Would you reproduce exactly, and only, the lines starting at the one with "What leads to" and ending at the last line of the data, with both included? Leave the pictures out.

*** Dataset content ***

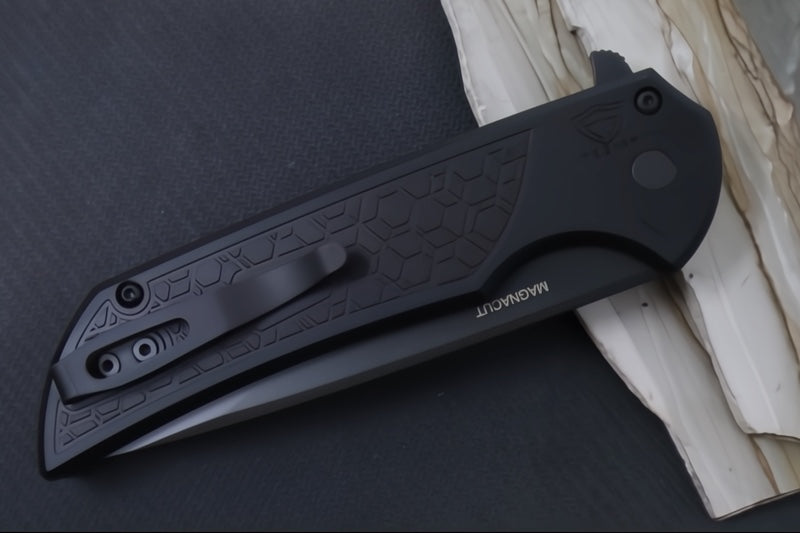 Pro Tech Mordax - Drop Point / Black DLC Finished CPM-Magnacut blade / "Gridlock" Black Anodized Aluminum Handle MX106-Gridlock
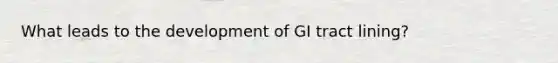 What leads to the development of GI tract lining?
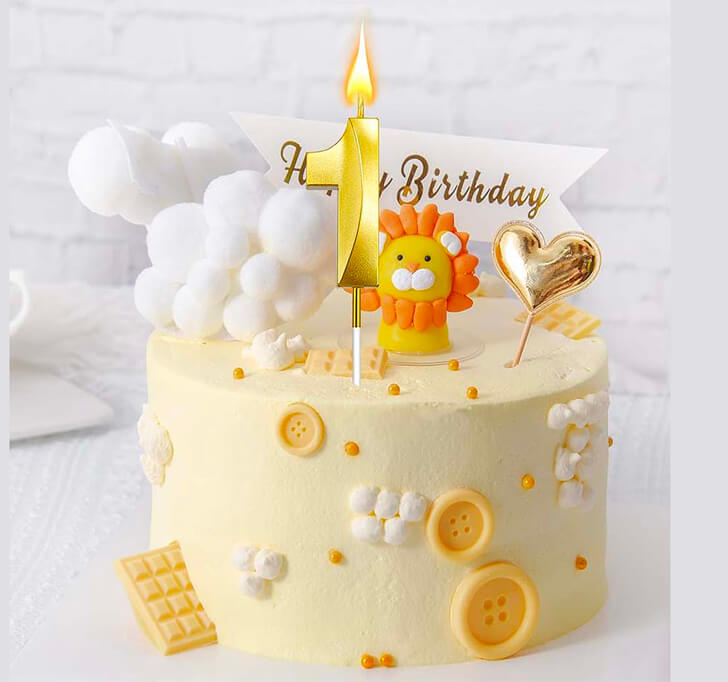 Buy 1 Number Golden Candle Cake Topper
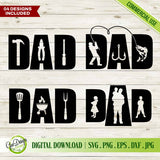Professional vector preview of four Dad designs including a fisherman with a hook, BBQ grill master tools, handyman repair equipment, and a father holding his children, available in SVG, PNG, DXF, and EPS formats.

*** End of Dataset content ***

» Exercise output:
 What leads to the development of GI tract lining?
 Buy 1 Number Golden Candle Cake Topper
Professional vector preview of four Dad designs including a fisherman with a hook, BBQ grill master tools, handyman repair equipment, and a father holding his children, available in SVG, PNG, DXF, and EPS formats.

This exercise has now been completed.